** INPUT FOR THIS TASK follows **

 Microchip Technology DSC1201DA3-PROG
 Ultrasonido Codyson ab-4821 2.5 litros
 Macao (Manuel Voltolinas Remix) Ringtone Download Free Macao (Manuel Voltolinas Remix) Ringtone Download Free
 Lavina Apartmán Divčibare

** End of INPUT FOR THIS TASK **
** INPUT FOR THIS TASK follows **

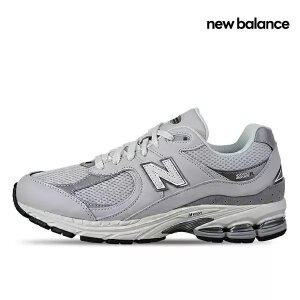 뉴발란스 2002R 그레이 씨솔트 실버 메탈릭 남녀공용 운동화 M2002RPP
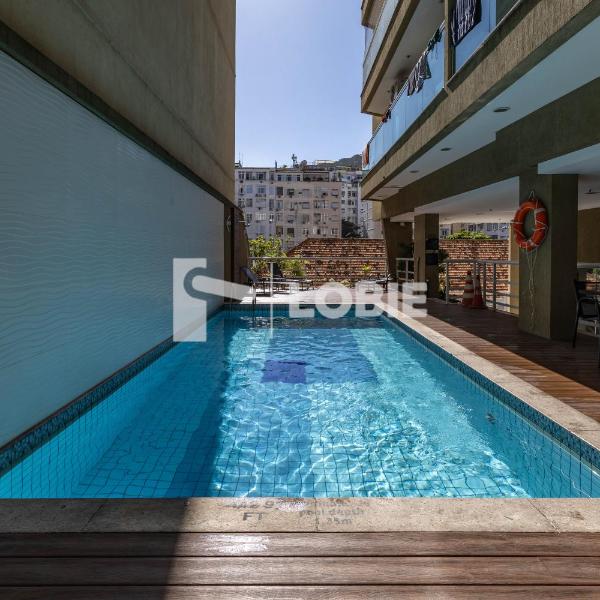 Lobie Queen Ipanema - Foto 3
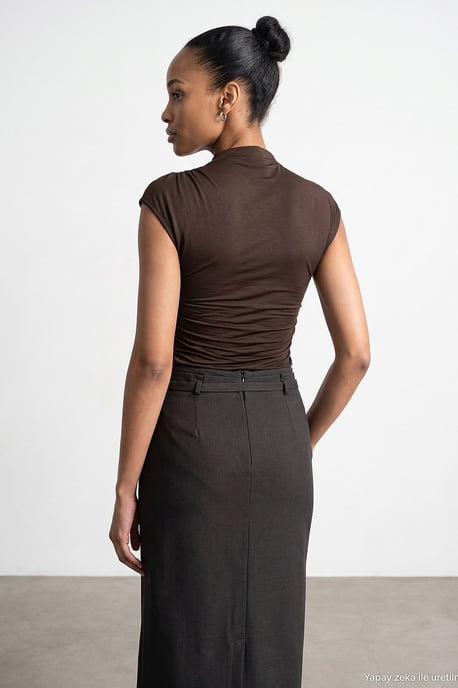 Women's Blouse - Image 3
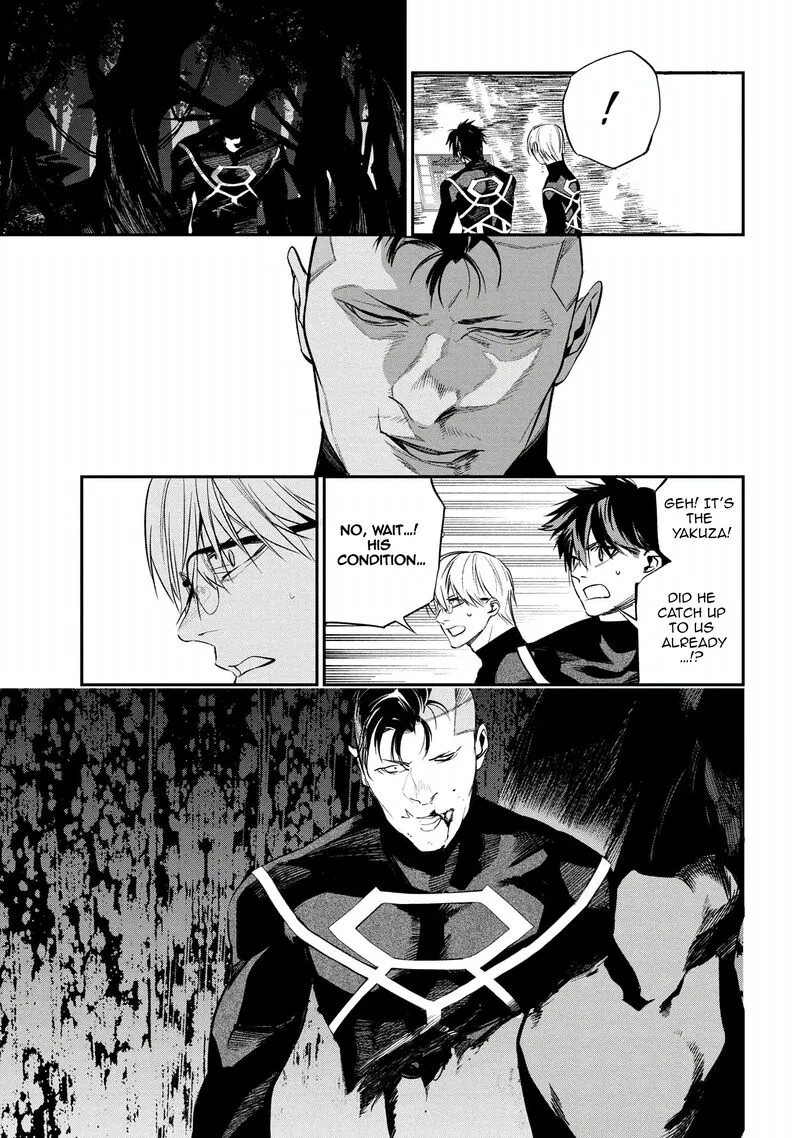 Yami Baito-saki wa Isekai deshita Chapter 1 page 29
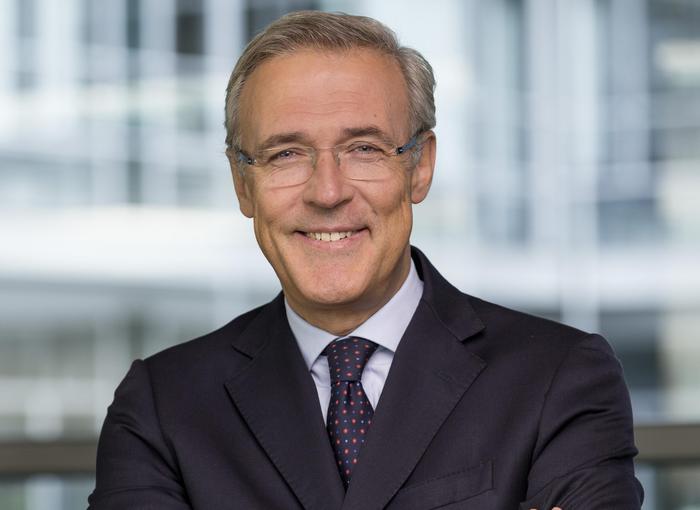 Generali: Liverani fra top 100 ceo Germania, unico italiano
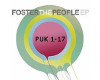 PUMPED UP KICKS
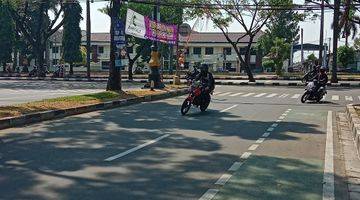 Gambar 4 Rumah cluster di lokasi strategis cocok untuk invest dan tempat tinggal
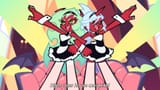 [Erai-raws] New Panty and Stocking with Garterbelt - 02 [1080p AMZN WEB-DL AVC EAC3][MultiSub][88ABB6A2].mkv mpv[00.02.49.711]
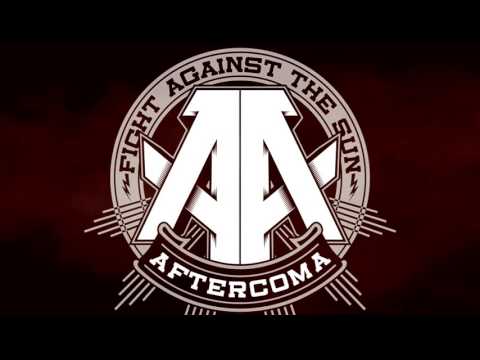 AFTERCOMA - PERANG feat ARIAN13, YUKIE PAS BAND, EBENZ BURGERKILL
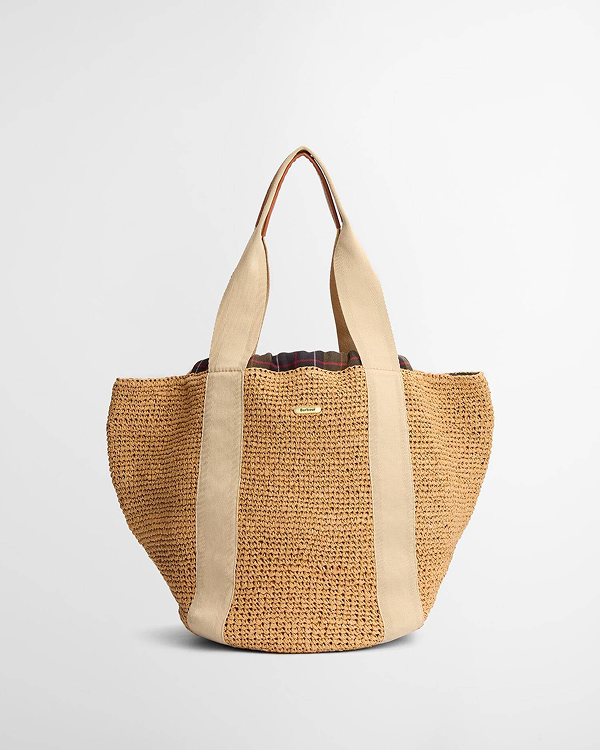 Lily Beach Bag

** End of INPUT FOR THIS TASK **
** INPUT FOR THIS TASK follows **

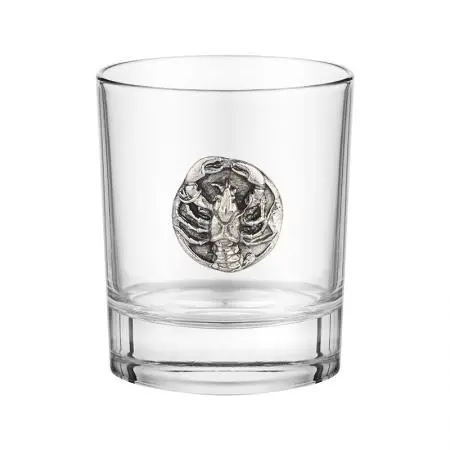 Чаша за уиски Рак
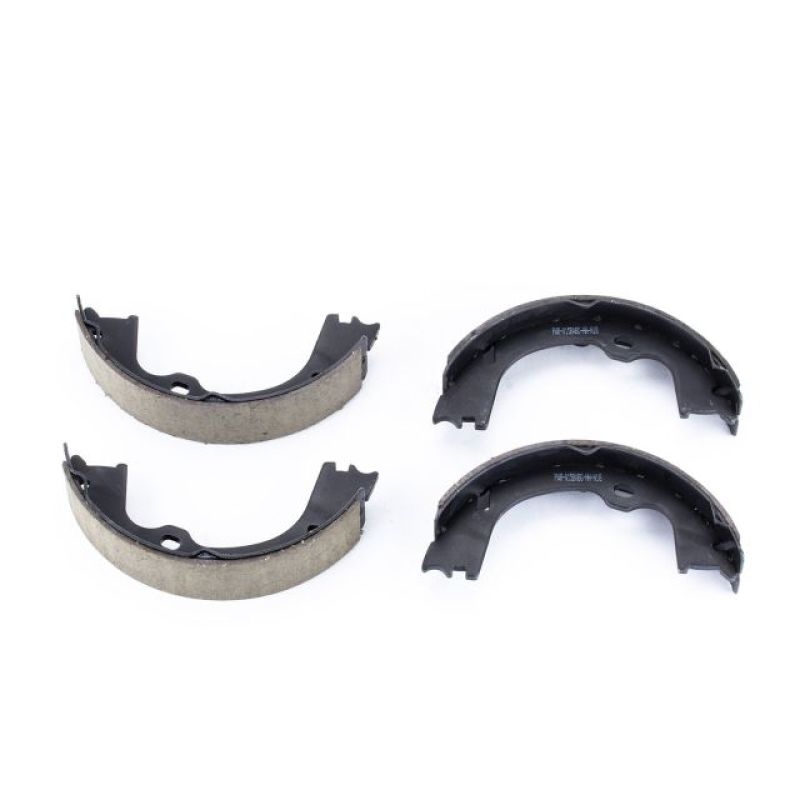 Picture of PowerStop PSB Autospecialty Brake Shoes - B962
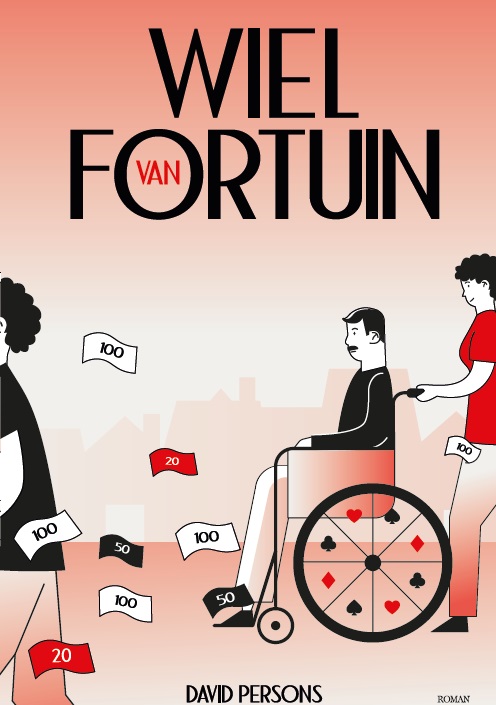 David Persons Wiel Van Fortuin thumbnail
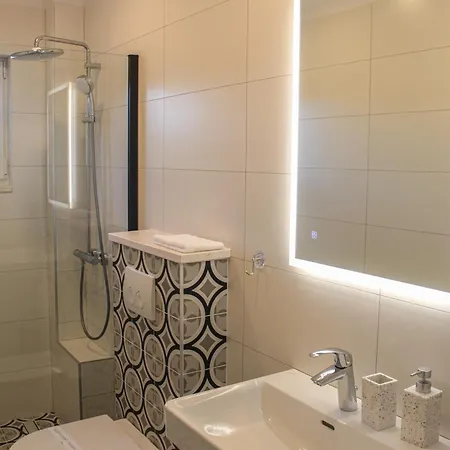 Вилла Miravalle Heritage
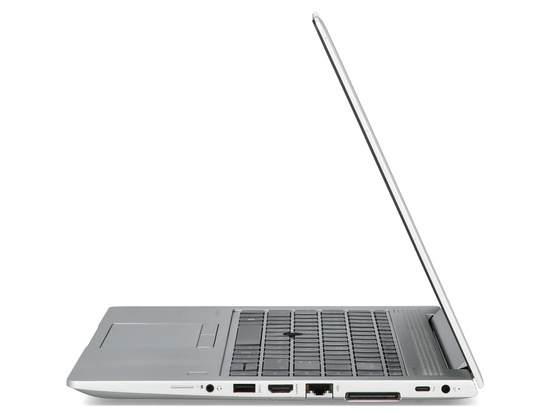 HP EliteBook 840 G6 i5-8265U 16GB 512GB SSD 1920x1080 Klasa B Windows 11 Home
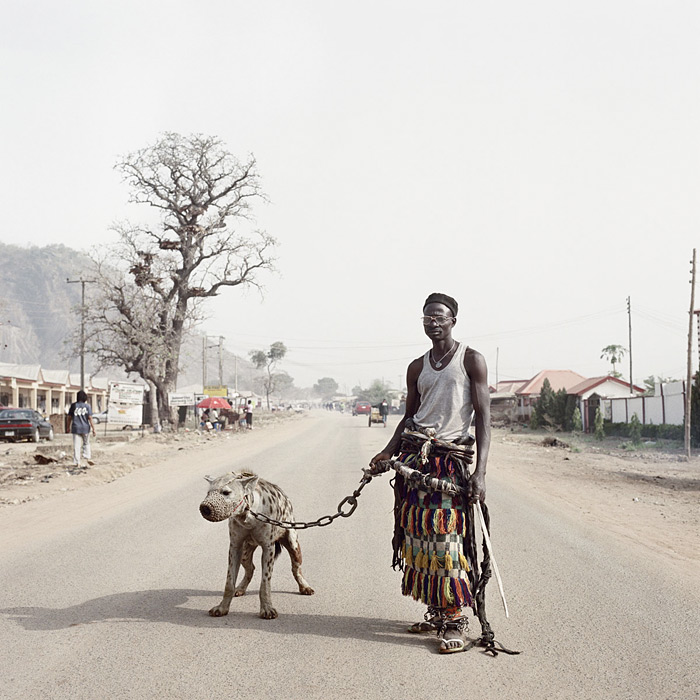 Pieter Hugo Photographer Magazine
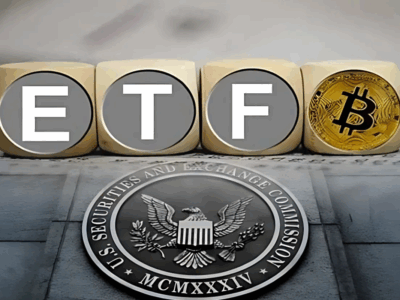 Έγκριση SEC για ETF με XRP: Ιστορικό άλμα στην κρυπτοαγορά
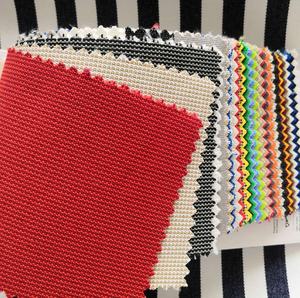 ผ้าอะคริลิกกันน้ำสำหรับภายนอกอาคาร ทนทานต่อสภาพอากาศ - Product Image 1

** End of INPUT FOR THIS TASK **

**WHAT YOU ARE ASKED TO DO**: Using the entries above, write out exactly the lines from the one with "PUMPED UP KICKS" through the one with "Lily Beach Bag", ends included. Leave out any pictures.

**RESPONSE TO THE EXERCISE**:
 PUMPED UP KICKS
 Gambar 4 Rumah cluster di lokasi strategis cocok untuk invest dan tempat tinggal
 [Erai-raws] New Panty and Stocking with Garterbelt - 02 [1080p AMZN WEB-DL AVC EAC3][MultiSub][88ABB6A2].mkv mpv[00.02.49.711]
 AFTERCOMA - PERANG feat ARIAN13, YUKIE PAS BAND, EBENZ BURGERKILL
 Lily Beach Bag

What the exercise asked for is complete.